Als sie jedoch feststellte, dass Sudhir immer näher kam, hatte sie das Gefühl, ihr Herz würde aus ihrer Brust springen. Ängstlich kniff sie die Augen zusammen und wartete auf das vermeintlich Unvermeidliche. Als nach einigen Augenblicken jedoch noch immer nichts geschehen war, öffnete sie ihre Augen vorsichtig und langsam wieder und musste feststellen, dass Sudhir nicht mehr vor ihr stand. Verwirrt schaute sie sich um und sah ihn schließlich am Fenster stehen und hinausschauen.

„Der Regen lässt langsam etwas nach. Am besten wir gehen sofort los, damit wir...“, meinte er und drehte sich zu Shruti um. Als er sie ansah, verstummte er allerdings. „Hey, was ist los? Du bist auf einmal so blass...“, stellte er fest und ging zu ihr. Sanft legte er seine Hände auf ihre Oberarme und musterte besorgt ihr Gesicht.

Shruti zuckte unter seiner Berührung zusammen und wandte ihren Blick von ihm ab. Ihr war das alles gerade viel zu viel. Tausende Gedanken wirbelten wild durch ihren Kopf und auch ihre Gefühle spielten verrückt. Sie wollte weg, einfach nur weg.

Kraftlos versuchte sie, sich aus Sudhirs Griff zu befreien, doch das ließ er nicht zu. „Was ist los, Shruti? Wieso läufst du jedes Mal weg? Findest du mich wirklich so furchtbar? Ist es so schlimm, wenn ich dich anfasse?“, fragte er und lockerte seinen Griff ein wenig, damit er ihr nicht weh tat.

Shruti schüttelte vehement den Kopf, vermied es jedoch weiterhin, ihn anzusehen. „Das ist es nicht...“, meinte sie leise. „... im Gegenteil... Es gefällt mir eben zu gut...“ Ihre Stimme war kaum mehr als ein Flüstern und so glaubte Sudhir zuerst, sich verhört zu haben.

Völlig perplex schaute er sie an, fing sich aber schnell wieder. „... Das heißt, es stört dich nicht, wenn ich... das tue...?“, wollte er mit gedämpfter Stimme wissen und ließ eine Hand zu ihrer Hüfte hinunter wandern. Ihr Herz machte einen Hüpfer und sie kniff die Augen zusammen.

„... oder das...?“, fragte er weiter und umfasste mit der anderen Hand ihren Nacken, schob dabei ihr Haar zur Seite und senkte seinen Kopf. „... oder das...“ Seine Stimme war kaum noch wahrzunehmen, doch sein heißer Atem streifte die nackte Haut ihres Halses und ihres Schlüsselbeins. Dann spürte sie auch schon, wie seine weichen Lippen sie mit zärtlichen Küssen bedeckten.

Shruti keuchte leise auf und ihr Atem ging stoßweise. „Sudhir, bitte... Ich...“, begann sie und versuchte, ihn von sich wegzudrücken, doch ihr Unterfangen war zu halbherzig, als dass es Erfolg hätte haben können. Sudhir hob den Kopf und schaute ihr in die Augen. Dabei zog er ihren Körper näher an seinen heran und drückte sie mit dem Rücken an den Lehrertisch. Er wollte sie an sich spüren und vor allem wollte er endlich wissen, wie sich ihre Lippen anfühlten. Langsam beugte er sich zu ihr herunter, näherte sich ihr immer mehr und schloss die Augen.

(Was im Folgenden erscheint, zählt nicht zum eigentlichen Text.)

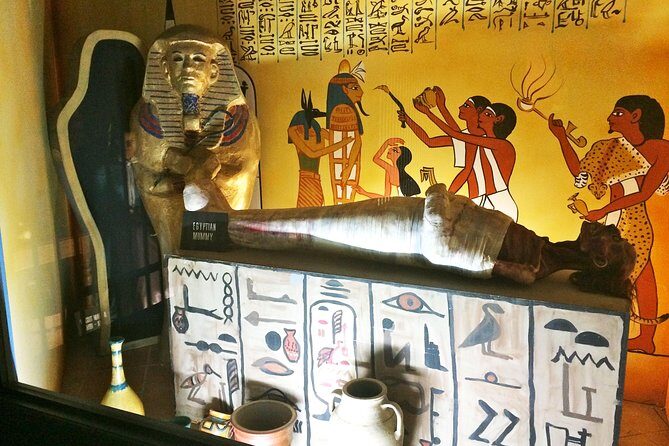 Skip the Line:Wax Museum Ticket-World in Wax & Guided Tour of Chamber of Horrors - What Travelers Are Saying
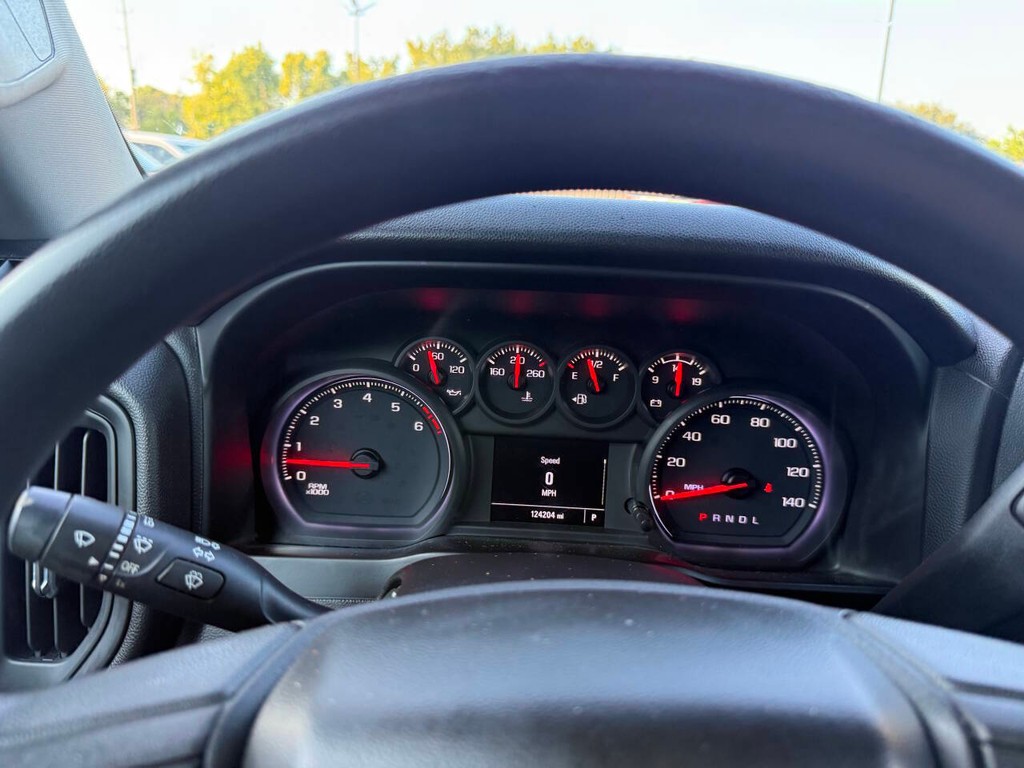 Chevrolet Silverado 2500HD Vehicle Full-screen Gallery Image 32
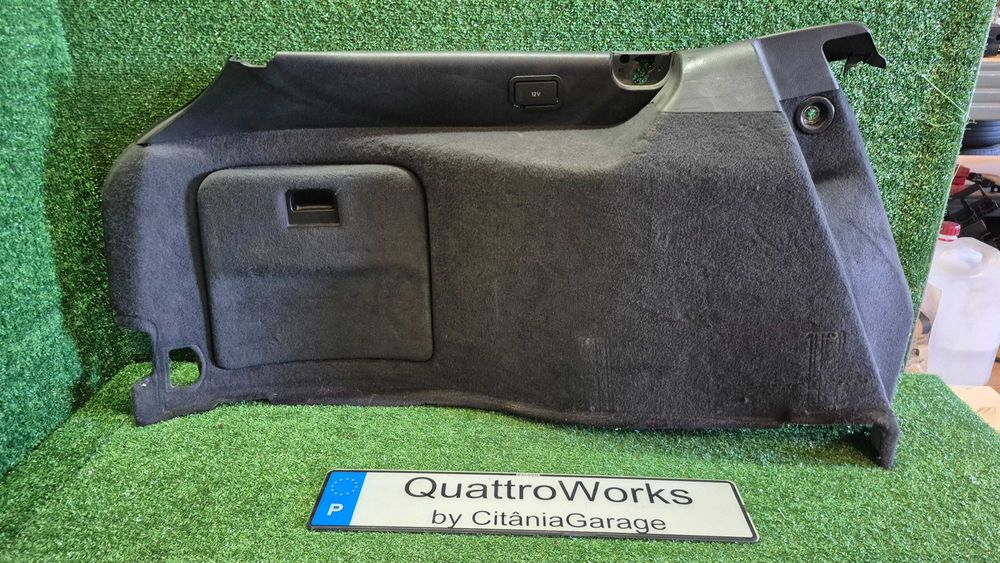 Quartela Mala Esquerda Audi A4 B5 Avant 8D 1996 a 2001 Bom Estado Geral - ver fotos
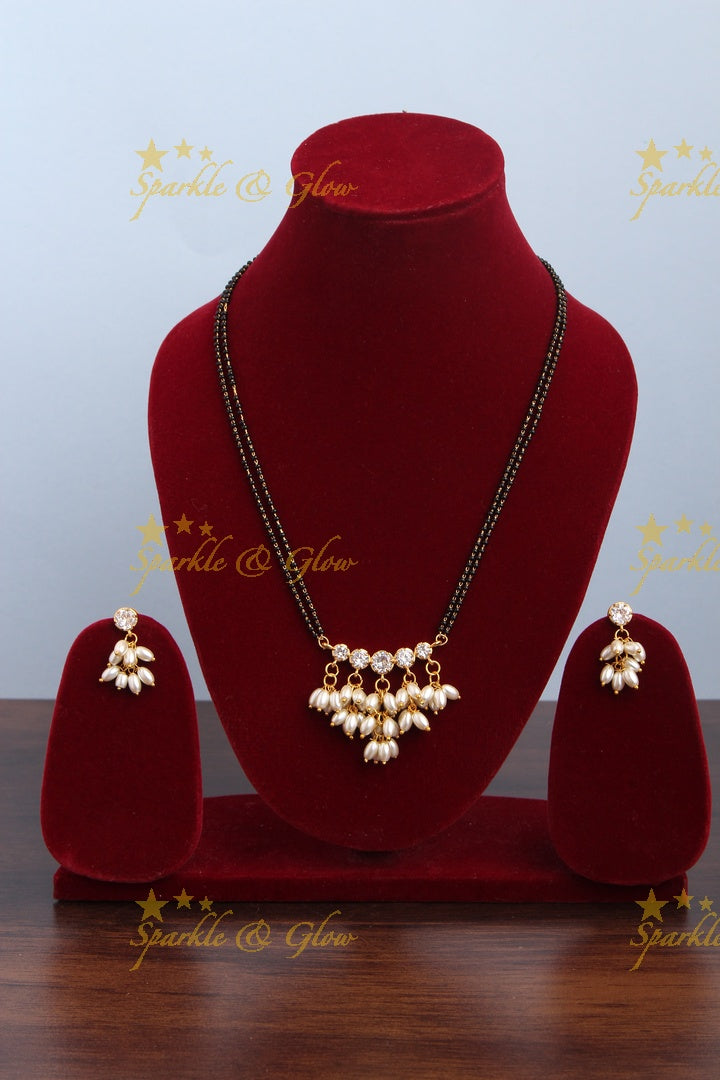 Gold alike black beads pearl pendent chain 18 inches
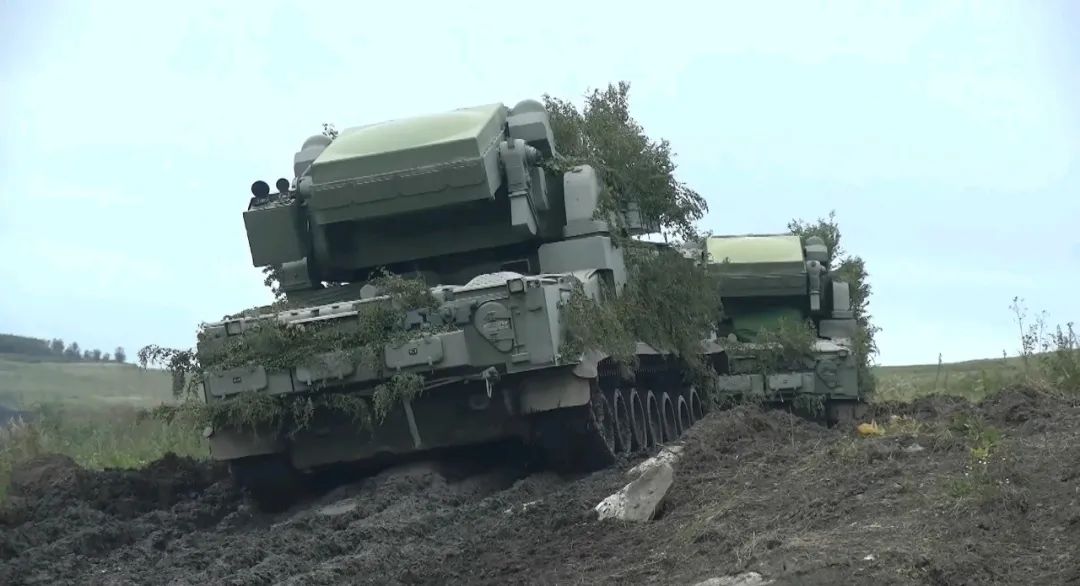  俄装甲车队中的“道尔”防空系统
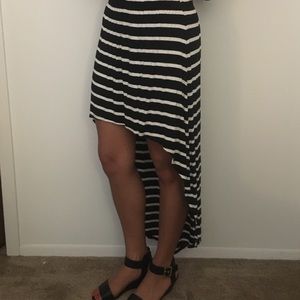 High-low black and white stripped skirt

Shruti kniff daraufhin die Augen zusammen und mobilisierte alle Kraft, die sie im Moment aufbringen konnte. Mit einer schnellen Bewegung schob sie Sudhir von sich weg, schnappte sich ihre Tasche und rannte so schnell sie konnte aus dem Schulhaus hinaus in den Regen.

Perplex schaute Sudhir ihr hinterher. „Shruti!“, rief er, doch er bekam außer dem lauten Plätschern des Regens keine Antwort.